Other articles have focused on deployment issues. According to an August 14 article on Businessweek, the problem stemmed from an “old set of computer software that was inadvertently reactivated when a new program was installed”. On August 3, Nanex, LLC published “The Knightmare Explained” with the tagline “The following theory fits all available facts”:

We believe Knight accidentally released the test software they used to verify that their new market making software functioned properly, into NYSE’s live system.

In the safety of Knight’s test laboratory, this test software (we’ll call it, the Tester) sends patterns of buy and sell orders to its new Retail Liquidity Provider (RLP) Market Making software, and the resulting mock executions are recorded. This is how they could ensure their new market making software worked properly before deploying to the NYSE live system.

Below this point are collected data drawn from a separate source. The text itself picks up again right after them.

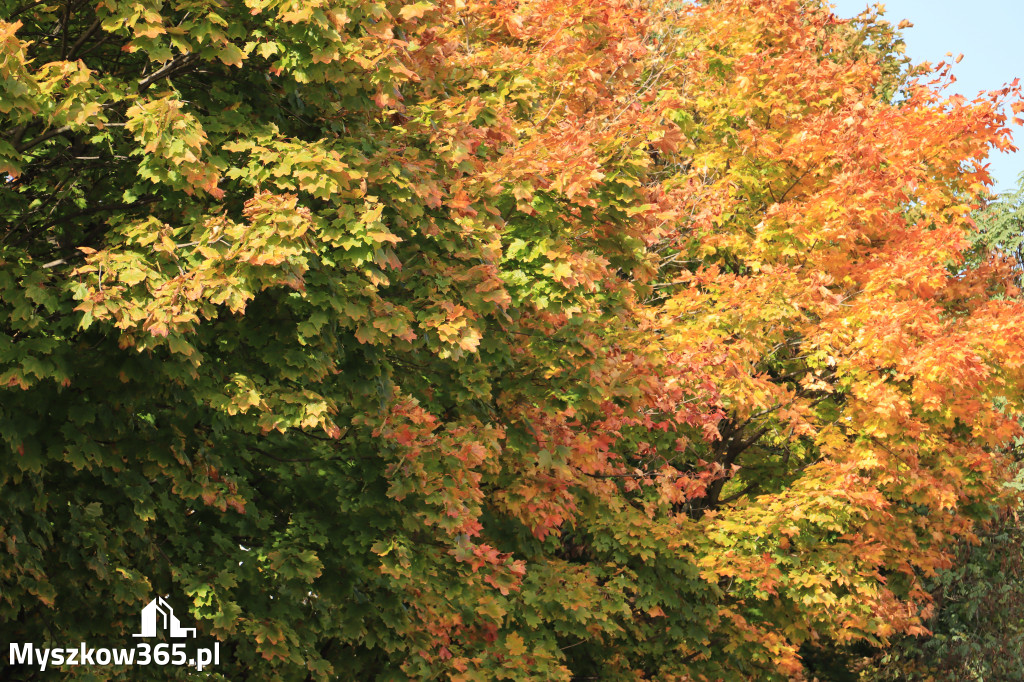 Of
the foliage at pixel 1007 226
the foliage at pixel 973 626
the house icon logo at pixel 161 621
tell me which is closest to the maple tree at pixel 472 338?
the house icon logo at pixel 161 621

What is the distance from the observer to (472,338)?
31.1ft

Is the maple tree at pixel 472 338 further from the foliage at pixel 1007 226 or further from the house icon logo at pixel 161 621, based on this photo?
the foliage at pixel 1007 226

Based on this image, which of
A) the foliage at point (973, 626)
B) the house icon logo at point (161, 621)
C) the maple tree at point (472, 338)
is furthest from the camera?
the foliage at point (973, 626)

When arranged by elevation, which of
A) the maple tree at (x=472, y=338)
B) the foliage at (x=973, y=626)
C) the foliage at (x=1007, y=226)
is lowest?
the foliage at (x=973, y=626)

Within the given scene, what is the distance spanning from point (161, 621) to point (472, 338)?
353 cm

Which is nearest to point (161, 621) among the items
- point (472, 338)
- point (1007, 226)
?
point (472, 338)

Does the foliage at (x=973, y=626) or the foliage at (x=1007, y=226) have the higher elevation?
the foliage at (x=1007, y=226)

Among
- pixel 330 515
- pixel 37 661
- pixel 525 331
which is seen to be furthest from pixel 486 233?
pixel 37 661

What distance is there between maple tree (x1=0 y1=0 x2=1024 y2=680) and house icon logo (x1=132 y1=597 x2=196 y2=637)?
154mm

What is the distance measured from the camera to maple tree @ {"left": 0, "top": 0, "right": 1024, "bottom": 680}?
811 cm

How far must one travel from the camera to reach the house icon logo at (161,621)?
8773mm

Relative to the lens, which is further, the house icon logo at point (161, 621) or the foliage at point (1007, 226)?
the foliage at point (1007, 226)

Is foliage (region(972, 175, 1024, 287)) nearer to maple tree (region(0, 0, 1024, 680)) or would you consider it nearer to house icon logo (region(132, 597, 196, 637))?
maple tree (region(0, 0, 1024, 680))

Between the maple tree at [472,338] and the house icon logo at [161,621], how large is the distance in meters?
0.15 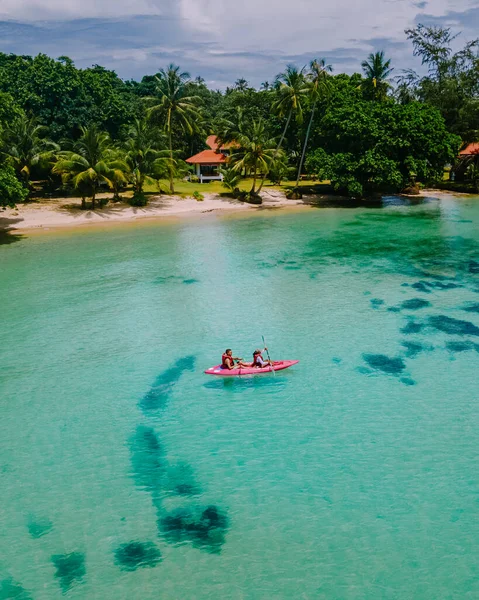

When the time comes to deploy the new market making software, which is likely handled by a different group, the Tester is accidentally included in the release package and started on NYSE’s live system. On the morning of August 1st, the Tester is ready to do its job: test market making software. Except this time it’s no longer in the lab, it’s running on NYSE’s live system. And it’s about to test any market making software running, not just Knights. With real orders and real dollars. And it won’t tell anyone about it, because that’s not its function.

Last December, I posted “Do you have releases or escapes?”, discussing the importance of release management. In that post, I stated that excellent code poorly delivered is effectively poor code. A professional release management practice is essential to creating and maintaining quality systems.

Obviously there will be configuration differences between environments and these represent a risk that must be managed. However, failing to standardize the deployment of code is needlessly introducing a risk. An effective release management process should promote repeatable (preferably automated) deployments across all environments. Deployments should be seen as an opportunity to test this process, with the goal of ensuring that the release to production is thoroughly uneventful.

If Nanex’s assessment is correct, either Knight Capital failed to have one standard release process or their process allowed the test harness access to the real world. Either case would make the events of August 1 possible. Avoidable errors are bad enough; one that costs $10 million per minute is epic.